Sur la requête n° 23PA02711 :
6. La Cour se prononçant, par le présent arrêt, sur la requête n° 23PA02705 du préfet de Seine-Saint-Denis tendant à l'annulation du jugement n° 2301422 du 2 juin 2023 du Tribunal administratif de Montreuil, il n'y a plus lieu de statuer sur la requête n° 23PA02711 par laquelle le préfet de Seine-Saint-Denis sollicite de la Cour le sursis à exécution de ce jugement.
DECIDE :
Article 1er : La requête n° 23PA02705 du préfet de Seine-Saint-Denis est rejetée.
Article 2 : Il n'y a pas lieu de statuer sur les conclusions de la requête n° 23PA02711 du préfet de la Seine-Saint-Denis.
Article 3 : Le présent arrêt sera notifié au ministre de l'intérieur et des outre-mer et Mme A... B....
Copie en sera adressée au préfet de Seine-Saint-Denis.
Délibéré après l'audience du 13 décembre 2023, à laquelle siégeaient :
- Mme Topin, présidente,
- Mme Jayer, première conseillère,
- Mme Fullana, première conseillère.
Rendu public par mise à disposition au greffe le 27 décembre 2023.

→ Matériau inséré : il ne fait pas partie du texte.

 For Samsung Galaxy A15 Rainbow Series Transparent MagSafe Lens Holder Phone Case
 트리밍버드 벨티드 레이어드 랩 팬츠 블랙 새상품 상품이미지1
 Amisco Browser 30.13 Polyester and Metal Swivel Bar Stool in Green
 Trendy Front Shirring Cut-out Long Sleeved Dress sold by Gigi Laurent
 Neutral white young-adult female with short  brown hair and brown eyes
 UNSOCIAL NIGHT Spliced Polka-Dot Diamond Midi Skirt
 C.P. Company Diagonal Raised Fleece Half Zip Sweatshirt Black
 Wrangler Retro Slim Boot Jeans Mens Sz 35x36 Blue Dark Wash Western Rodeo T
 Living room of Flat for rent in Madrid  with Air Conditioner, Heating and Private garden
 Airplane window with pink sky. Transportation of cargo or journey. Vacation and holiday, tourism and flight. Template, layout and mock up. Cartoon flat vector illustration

La présidente-rapporteure,
E. TOPINL'assesseure la plus ancienne,
M-D. JAYER
Le greffier,
C. MONGIS
La République mande et ordonne au ministre de l'intérieure et des outre-mer en ce qui le concerne ou à tous commissaires de justice à ce requis en ce qui concerne les voies de droit commun contre les parties privées, de pourvoir à l'exécution de la présente décision.